Keywords

1 Introduction

Binarization algorithms take as input a color or grayscale image and produce a bi-tonal image as result. Binarization is a key preprocessing step in document analysis solutions such as automatic character recognition and layout analysis, as the quality of the monocromatic document has a strong effect on the performance for such document processing tasks. Besides that, document binarization can increase its readability and work as a file compression strategy [58], as the size of binary images is often orders of magnitudes smaller than the original gray or color images, requiring much less storage space or computer bandwidth for network transmission. Thus, assessing the quality of document binarization algorithms is of importance, a concern witnessed by contests that started more than a decade ago [14, 44].

Any algorithm makes design assumptions about the nature of the data being processed. Document binarization algorithms are no exception. The DIB Team (https://dib.cin.ufpe.br/) presented evidence that “no binarization algorithm is good for all kinds of documents”. Thus, depending on the intrinsic features of each document, a binarization algorithm may perform better than another. The second point made by the DIB team is that “time matters”. As binarization algorithms are part of several document processing pipelines, it is also important to balance the quality-time binomial. Several algorithms may produce binary images of similar quality with huge differences in time complexity.

Recently, a new series of document binarization contests were created not only comparing the enrolled participants among themselves, but also comparing the quality-time performance of the new with “classical” algorithms. Besides that, much larger datasets of “real-world” and synthetic documents were tested in different feature clusters.
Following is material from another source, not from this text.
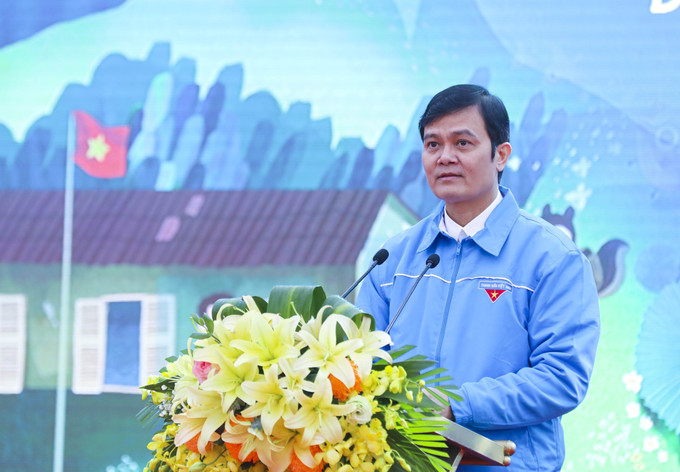 Đồng chí Bùi Quang Huy, Phó Chủ tịch Ủy ban Trung ương Mặt trận Tổ quốc Việt Nam, Bí thư Thứ nhất Ban Chấp hành Trung ương Đoàn, phát biểu tại Lễ phát động. Ảnh: Xuân Tư/TTXVN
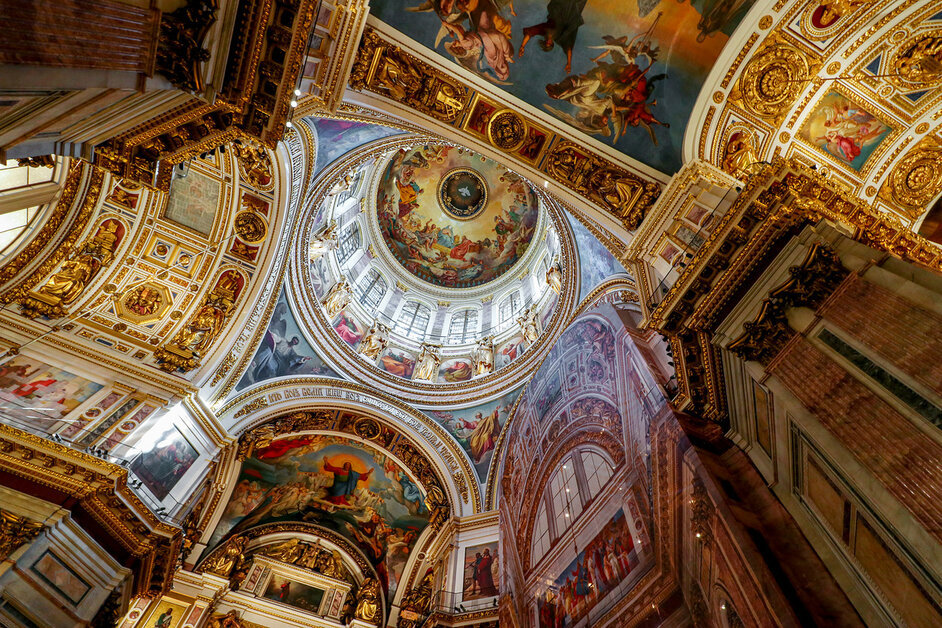 Внутреннее убранство собора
Scanned documents either historic (machine typed or handwritten, 200 or 300 dpi, with different hues and textures of paper, and with different degrees of back-to front interference) and bureaucratic (200 dpi, offset printed, and with light back-to-front interference) have their binarization quality-time assessed in contests [32, 33].

This ICDAR 2021 competition assessed the quality-time performance of 12 new algorithms from seven teams from all over the world. The competitors’ algorithms were also compared with the quality-time performance of 49 other binarization algorithms that may be considered “classic”. Four test sets of “real-world” 200 and 300 dpi scanned documents were used in this assessment.

2 Participants

Seven research groups from six different countries, from the Americas, Asia, and Europe enrolled in this 2021 competition. In what follows, the teams are presented together with a brief outline of their approaches.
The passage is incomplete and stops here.